В чем здесь проблема? Почему он это называет «делом жизни»? Я думаю, в двух аспектах. Во-первых, это дело жизни в самом буквальном смысле, потому что он всю жизнь эту женщину любил и всю свою поэзию, так или иначе, построил вокруг своей любовной драмы как гиперкомпенсацию за любовную неудачу.
Вообще я много раз говорил, что главная идея Бродского — это язык как средство гиперкомпенсации. Это «зато». Вот это главное слово в его поэзии, да?
Что ни говори, утрата,
завал, непруха
из вас творят аристократа
хотя бы духа.
Это попытка рассмотреть свою поэзию как грандиозный способ дать миру сдачи. Вообще апофеоз, вот эта апология словаря, литературы, поэзии — это, безусловно, ответ на полный провал, на полную неудачу во всех остальных сферах жизни. И это сознательная позиция.
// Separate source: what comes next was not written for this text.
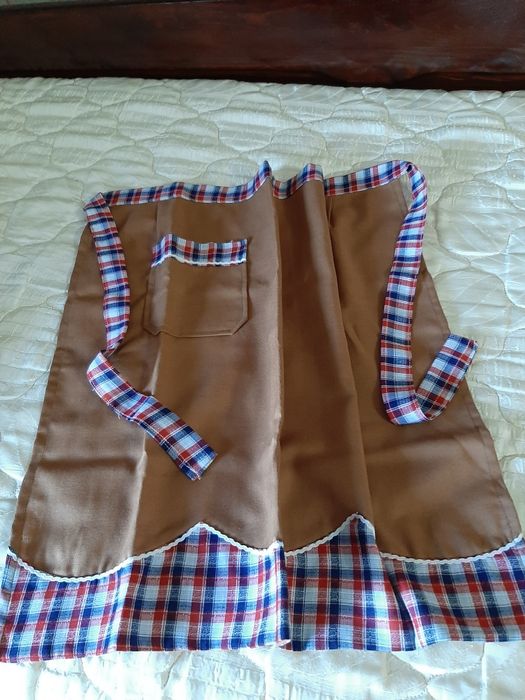 Престилки домакински НОВИ; Жилетки - Нови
Но и во втором смысле Бродский действительно называет поэзию делом своей жизни, поскольку это самое благородное занятие. Она гармонизирует мир. Она делает искусство (и поэзия в этом смысле — самый прямой, самый быстрый способ) из трагедии, из неудачи. В этом смысле «Новые стансы к Августе» — это, конечно, главное занятие Бродского. Это превращение своей личной трагедии, своего поражения в колоссальный триумф. И это, на мой взгляд, замечательная перспектива.